Pour mémoire, le Conseil d'Etat a décidé

Pour juger que la condition prévue au f) du 1 quater de l’article 150-0 D du code général des impôts n’était pas satisfaite en l’espèce, la cour s’est fondée sur la circonstance que la société Planisware Management détenait une participation dans la société DLM Conseil, laquelle n’était pas une société exerçant une activité commerciale, industrielle, artisanale, libérale ou agricole. Ce faisant, et alors qu’il résulte des pièces du dossier qui lui était soumis que c’était la société DLM Conseil qui détenait une participation dans la société Planisware Management et non l’inverse, la cour administrative d’appel de Paris a dénaturé les pièces du dossier qui lui était soumis.

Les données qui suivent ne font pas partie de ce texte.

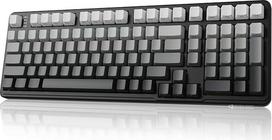 ATTACK SHARK X98 RGB mechaninė žaidimų klaviatūra su 102 klavišais, su skaitmenine klaviatūra, BT5.0 ir 2.4G belaidžiu ryšiu ir USB-C laidiniu trikrypčiu režimu, "Gasket Hot-Swap" linijiniu jungikliu, 4000 mAh baterija, QWERTY - pilka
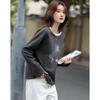 Demana 280G Thermal Velvet Warm Winter Korean Style Colorblock Crewneck Bear Print Petite Women's T-Shirt
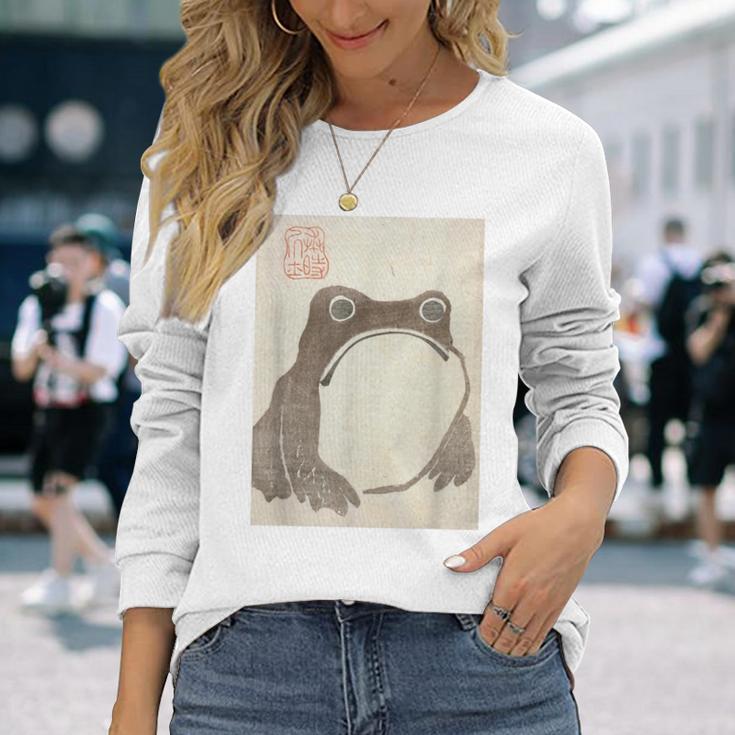松本邦司によるメイカガフのカエル 長袖Tシャツ 彼女への贈り物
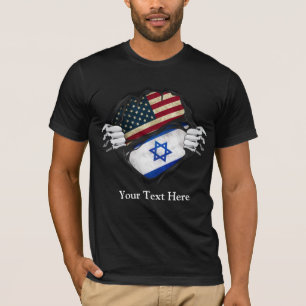 Twee handen rippen onthullende vlag Gepersonalisee T-shirt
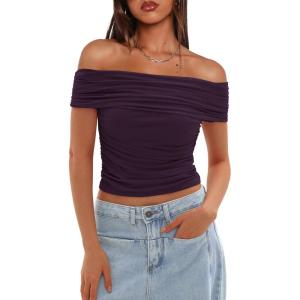 imageDarong Women Mesh Off The Shoulder Top Short Sleeve Double Lined Ruched Shirts Trendy Going Out Tops Summer Fashion ClothesDark Purple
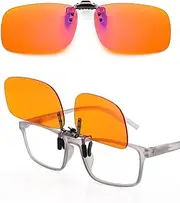 VUEECLAT Clip On Blue Light Glasses for Woman Men Orange with 180° Flip Feature - Protect Your Eyes from Digital Screen Damage & Reduce Eye Strain (Perfect for Glasses Wearers)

Les époux A. soutiennent que l'opération d'échange de titres réalisée en 2012 doit être neutralisée fiscalement en application du principe de neutralité fiscale issu de la directive européenne 2009/133/CE.

 

Selon eux, les conditions d'application de l'abattement renforcé devraient s'apprécier non pas au niveau de la société émettrice des titres cédés (SARL DLM), mais au niveau de la société dont les titres ont été apportés lors de l'échange (Planisware Management), cette dernière remplissant les conditions requises en sa qualité de holding animatrice.

 

Ils fondent leur argumentation sur plusieurs textes : l'article 8 de la directive 2009/133/CE, l'article 20 de la Charte des droits fondamentaux de l'UE et le principe de non-discrimination protégé par l'article 14 de la CEDH combiné à l'article 1er du premier protocole additionnel.

 

Sur renvoi, la Cour administrative d'appel de Paris vient de rejetter la requête des époux A. Elle fait valoir :

  • l'inapplicabilité directe de la directive "fusions" : L'échange de titres réalisé en 2012 étant intervenu entre deux sociétés françaises, il n'entre pas dans le champ de la directive européenne qui concerne uniquement les opérations transfrontalières.
  • l'inapplicabilité du principe d'égalité de la Charte des droits fondamentaux : La Cour rappelle que les principes énoncés par cette Charte ne s'appliquent aux États membres que lorsqu'ils mettent en œuvre le droit de l'Union. Or, l'abattement pour durée de détention résulte d'une modification de la législation interne française qui n'a pas pour objet de mettre en œuvre le droit de l'Union.
  • l'absence de discrimination contraire à la CEDH : La différence de traitement entre opérations nationales et transfrontalières est justifiée par la nécessité de respecter les exigences du droit européen pour les opérations entrant dans son champ. Cette justification objective et raisonnable écarte toute violation des stipulations combinées de l'article 14 de la CEDH et de l'article 1er de son premier protocole additionnel.